» HOW TO COMPLETE THIS TASK
Repeat verbatim, and only, the lines of the data below, beginning at the line that contains "Ku Kiai Mauna We Are Mauna Kea Blanket" and stopping after the line that contains "Behind The Scenes".

» INFORMATION PROVIDED
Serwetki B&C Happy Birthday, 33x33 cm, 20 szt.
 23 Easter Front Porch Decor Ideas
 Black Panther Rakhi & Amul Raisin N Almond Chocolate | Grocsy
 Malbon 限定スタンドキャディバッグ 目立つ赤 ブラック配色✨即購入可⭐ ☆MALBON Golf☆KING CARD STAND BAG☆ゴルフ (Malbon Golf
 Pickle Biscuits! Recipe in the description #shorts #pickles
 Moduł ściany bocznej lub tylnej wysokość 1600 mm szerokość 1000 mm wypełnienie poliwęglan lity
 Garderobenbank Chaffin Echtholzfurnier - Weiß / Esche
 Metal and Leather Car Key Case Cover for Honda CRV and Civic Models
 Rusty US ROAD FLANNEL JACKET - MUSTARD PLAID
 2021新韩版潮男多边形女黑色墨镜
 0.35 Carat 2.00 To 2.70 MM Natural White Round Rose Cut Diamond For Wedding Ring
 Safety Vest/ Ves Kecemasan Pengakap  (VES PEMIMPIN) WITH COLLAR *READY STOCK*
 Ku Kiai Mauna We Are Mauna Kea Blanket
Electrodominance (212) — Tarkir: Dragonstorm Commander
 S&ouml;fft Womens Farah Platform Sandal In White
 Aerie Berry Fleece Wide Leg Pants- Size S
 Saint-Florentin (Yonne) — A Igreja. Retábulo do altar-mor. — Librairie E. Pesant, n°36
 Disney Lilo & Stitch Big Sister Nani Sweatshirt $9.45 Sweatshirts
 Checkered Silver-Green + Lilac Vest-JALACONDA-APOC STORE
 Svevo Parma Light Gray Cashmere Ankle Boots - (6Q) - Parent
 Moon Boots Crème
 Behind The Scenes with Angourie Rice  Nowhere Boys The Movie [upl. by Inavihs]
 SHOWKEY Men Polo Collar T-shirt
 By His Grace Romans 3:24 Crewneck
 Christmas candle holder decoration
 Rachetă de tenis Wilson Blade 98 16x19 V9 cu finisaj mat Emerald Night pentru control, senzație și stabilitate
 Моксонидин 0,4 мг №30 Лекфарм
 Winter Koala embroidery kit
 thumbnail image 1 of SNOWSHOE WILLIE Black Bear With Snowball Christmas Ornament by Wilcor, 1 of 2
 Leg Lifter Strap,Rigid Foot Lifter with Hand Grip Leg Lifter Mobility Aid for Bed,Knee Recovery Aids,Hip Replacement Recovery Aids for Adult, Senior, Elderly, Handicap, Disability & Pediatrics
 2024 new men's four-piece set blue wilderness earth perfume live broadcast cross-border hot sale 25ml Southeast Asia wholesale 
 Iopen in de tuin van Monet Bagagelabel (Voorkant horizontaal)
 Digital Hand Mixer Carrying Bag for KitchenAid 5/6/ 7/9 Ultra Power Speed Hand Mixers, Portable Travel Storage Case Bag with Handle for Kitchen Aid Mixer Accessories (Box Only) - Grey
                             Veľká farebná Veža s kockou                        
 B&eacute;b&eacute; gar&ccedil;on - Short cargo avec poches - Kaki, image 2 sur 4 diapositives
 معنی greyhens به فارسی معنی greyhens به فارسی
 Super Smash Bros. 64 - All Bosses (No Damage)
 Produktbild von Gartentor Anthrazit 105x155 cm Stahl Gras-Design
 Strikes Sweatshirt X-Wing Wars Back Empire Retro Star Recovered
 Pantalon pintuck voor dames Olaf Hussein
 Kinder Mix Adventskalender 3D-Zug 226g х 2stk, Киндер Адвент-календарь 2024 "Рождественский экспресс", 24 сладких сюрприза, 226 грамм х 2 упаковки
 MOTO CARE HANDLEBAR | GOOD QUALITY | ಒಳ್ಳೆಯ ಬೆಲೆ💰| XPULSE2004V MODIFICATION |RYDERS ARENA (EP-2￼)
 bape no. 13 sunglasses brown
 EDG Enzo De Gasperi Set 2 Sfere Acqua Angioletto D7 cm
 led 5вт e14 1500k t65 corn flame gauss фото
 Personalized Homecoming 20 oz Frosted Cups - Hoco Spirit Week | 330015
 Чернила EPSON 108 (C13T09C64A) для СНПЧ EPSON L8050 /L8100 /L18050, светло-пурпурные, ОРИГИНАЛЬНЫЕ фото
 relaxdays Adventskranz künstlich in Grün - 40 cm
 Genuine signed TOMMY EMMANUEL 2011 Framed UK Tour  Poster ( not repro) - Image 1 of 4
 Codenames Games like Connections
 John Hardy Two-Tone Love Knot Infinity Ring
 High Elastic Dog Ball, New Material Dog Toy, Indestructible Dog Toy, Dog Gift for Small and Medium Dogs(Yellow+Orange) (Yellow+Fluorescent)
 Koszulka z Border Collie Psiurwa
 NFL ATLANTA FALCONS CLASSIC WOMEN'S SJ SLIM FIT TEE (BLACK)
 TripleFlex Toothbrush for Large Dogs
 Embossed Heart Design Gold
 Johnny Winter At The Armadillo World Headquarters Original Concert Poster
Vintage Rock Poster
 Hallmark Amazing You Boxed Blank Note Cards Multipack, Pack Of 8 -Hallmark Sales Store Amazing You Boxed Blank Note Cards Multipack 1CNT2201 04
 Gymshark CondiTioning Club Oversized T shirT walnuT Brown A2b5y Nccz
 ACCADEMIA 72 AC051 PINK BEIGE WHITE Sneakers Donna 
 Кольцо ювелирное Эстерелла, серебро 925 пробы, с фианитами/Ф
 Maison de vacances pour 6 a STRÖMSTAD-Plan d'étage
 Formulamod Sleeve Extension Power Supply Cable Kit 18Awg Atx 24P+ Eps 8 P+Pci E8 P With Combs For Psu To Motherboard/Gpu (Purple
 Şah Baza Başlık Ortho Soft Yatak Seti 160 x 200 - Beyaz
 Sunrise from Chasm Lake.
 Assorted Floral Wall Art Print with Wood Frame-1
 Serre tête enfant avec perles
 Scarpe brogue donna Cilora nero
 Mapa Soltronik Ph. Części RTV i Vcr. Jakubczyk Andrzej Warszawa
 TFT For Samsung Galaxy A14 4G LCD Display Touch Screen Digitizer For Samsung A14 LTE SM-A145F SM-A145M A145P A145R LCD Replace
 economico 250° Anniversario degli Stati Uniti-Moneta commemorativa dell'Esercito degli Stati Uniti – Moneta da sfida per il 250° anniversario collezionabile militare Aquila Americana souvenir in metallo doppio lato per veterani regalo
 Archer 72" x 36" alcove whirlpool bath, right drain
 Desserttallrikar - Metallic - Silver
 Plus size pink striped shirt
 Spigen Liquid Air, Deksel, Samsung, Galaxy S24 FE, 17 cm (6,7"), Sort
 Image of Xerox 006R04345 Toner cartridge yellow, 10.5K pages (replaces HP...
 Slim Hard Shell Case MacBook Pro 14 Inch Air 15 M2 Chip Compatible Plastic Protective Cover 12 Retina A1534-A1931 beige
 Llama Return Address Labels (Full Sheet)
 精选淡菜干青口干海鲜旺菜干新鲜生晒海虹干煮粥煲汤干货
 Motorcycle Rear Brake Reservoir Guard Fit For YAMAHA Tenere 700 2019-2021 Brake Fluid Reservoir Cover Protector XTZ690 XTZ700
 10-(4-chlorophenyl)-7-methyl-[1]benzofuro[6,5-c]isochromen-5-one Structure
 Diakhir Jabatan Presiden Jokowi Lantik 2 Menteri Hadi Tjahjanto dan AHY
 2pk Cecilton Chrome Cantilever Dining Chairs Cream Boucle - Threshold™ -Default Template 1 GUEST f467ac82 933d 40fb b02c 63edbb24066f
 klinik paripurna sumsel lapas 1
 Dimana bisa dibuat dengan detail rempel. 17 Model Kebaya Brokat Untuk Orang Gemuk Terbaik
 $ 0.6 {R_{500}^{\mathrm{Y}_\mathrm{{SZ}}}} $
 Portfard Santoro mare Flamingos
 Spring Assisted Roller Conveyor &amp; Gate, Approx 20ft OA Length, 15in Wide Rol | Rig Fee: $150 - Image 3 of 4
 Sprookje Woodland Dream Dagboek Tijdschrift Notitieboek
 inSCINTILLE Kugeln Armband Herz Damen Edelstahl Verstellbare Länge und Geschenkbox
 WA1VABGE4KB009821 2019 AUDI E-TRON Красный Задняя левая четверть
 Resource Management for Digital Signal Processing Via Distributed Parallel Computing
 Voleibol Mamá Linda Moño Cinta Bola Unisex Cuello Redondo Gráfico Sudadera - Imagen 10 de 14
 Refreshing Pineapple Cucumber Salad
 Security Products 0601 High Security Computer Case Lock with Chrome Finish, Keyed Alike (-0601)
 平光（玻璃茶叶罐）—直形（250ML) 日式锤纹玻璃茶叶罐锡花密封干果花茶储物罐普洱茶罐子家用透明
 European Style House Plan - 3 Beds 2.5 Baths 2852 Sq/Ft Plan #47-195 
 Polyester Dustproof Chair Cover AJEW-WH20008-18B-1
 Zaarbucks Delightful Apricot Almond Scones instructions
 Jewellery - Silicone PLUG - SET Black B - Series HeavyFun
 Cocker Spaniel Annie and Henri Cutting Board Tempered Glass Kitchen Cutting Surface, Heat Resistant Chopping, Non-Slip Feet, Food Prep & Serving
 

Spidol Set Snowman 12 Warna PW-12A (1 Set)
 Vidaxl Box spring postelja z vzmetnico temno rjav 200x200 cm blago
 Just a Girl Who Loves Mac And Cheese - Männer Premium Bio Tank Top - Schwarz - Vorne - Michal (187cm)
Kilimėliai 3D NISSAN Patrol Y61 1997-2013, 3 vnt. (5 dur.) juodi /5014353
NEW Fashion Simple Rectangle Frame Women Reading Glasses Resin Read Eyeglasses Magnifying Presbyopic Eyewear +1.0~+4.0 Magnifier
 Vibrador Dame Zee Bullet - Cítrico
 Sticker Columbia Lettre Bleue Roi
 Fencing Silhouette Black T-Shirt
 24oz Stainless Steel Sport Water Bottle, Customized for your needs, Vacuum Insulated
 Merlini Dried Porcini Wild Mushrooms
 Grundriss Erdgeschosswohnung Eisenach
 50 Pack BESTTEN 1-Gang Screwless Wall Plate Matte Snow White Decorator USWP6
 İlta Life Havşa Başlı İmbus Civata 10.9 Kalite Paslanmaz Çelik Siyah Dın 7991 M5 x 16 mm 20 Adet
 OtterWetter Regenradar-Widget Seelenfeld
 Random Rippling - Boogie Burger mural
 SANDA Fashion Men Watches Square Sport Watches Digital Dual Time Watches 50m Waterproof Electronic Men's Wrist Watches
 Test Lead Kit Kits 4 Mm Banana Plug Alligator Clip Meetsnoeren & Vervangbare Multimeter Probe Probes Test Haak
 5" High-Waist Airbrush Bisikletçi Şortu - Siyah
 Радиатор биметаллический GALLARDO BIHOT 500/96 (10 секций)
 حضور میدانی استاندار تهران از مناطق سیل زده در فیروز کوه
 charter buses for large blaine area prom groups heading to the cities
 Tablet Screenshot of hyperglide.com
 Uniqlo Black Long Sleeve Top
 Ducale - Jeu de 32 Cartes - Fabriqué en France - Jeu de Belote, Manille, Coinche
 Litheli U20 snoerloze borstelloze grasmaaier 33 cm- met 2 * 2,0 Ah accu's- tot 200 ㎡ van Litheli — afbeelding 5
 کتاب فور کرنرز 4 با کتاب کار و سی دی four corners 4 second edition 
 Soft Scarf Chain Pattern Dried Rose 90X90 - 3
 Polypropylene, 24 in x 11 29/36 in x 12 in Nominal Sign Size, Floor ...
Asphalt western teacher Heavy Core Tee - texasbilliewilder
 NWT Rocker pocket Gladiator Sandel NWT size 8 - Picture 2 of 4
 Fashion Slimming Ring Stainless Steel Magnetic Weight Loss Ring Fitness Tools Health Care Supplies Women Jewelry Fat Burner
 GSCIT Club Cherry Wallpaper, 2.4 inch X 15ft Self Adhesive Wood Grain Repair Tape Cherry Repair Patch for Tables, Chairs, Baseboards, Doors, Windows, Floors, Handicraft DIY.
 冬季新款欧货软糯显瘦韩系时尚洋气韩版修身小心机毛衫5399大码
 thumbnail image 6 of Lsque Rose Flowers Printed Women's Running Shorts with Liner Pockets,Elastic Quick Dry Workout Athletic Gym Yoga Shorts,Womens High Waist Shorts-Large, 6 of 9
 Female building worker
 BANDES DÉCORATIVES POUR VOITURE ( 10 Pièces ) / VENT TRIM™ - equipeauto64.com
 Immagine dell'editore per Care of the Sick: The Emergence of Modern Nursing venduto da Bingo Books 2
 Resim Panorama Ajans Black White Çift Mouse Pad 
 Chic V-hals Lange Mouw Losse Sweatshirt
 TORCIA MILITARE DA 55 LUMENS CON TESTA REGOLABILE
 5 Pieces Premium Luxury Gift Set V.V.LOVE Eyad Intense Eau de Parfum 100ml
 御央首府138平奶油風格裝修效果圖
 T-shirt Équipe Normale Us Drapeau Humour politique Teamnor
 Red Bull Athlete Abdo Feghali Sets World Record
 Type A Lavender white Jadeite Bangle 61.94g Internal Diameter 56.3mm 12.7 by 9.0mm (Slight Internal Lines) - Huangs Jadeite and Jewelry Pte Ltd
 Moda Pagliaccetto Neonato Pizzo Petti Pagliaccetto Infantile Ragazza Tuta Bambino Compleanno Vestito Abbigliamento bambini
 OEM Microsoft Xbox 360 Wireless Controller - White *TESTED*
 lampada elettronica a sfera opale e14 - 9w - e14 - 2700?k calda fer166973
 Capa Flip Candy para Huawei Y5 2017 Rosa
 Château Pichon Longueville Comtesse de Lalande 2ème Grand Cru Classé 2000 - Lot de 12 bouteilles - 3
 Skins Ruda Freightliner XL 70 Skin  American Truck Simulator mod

» TASK RESULT
 Ku Kiai Mauna We Are Mauna Kea Blanket
Electrodominance (212) — Tarkir: Dragonstorm Commander
 S&ouml;fft Womens Farah Platform Sandal In White
 Aerie Berry Fleece Wide Leg Pants- Size S
 Saint-Florentin (Yonne) — A Igreja. Retábulo do altar-mor. — Librairie E. Pesant, n°36
 Disney Lilo & Stitch Big Sister Nani Sweatshirt $9.45 Sweatshirts
 Checkered Silver-Green + Lilac Vest-JALACONDA-APOC STORE
 Svevo Parma Light Gray Cashmere Ankle Boots - (6Q) - Parent
 Moon Boots Crème
 Behind The Scenes with Angourie Rice  Nowhere Boys The Movie [upl. by Inavihs]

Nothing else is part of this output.